I prefer drinking my wines in their full adulthood, when they have shed their baby fat and picked up complexity. But at the same time, I am always afraid to wait too long and miss their peak. In fact, I regularly check my cellar inventory looking for wines that might have started to decline.

This is how I recently found two bottles that looked suspicious: a 1996 Puligny-Montrachet Premier Cru Les Folatières Domaine Jean-Marc Boillot and a 1995 Geyser Peak Cabernet Sauvignon Sonoma County. I opened the Puligny-Montrachet first. The wine had a encouraging bright golden color but the nose was rather shy with hints of cheesy aromas. On the palate, the wine had more cheesy off-flavors covering a once opulent nutty body. I retasted the wine the day after. It had become completely undrinkable and I immediately poured it down the sink.

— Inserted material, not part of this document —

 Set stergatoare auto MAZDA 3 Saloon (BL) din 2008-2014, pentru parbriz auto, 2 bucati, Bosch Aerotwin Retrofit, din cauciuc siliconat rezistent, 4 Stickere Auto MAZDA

Then I tried the Geyser Peak. This Cabernet Sauvignon has always been known for its excellent quality-price ratio but not specifically for its ability to age. The wine had a deep red color that hardly showed any sign of age. On the nose, I found black currant and earthy aromas more typical of Bordeaux. On the palate, it was soft and elegant with hints of mushroom and chocolate flavors. Retasting it the day after, the wine was surprisingly even more delicious, exhibiting additional sweet raspberry flavors.

So how do you known when a wine is too old?

“My answer to this is straightforward,” says Matt Kramer in an humorous Wine Spectator article called When Good Wines Say Good-Bye. “A wine is too old when you have to imagine it. When you have to bring to a wine a lot more than it's bringing to you, time's up. The wine is no more.”

But when the wine is good, you don't need to use your imagination. The wine is present. It still has the power to charm you...and let you forget the other bottles that you had to pour down the sink.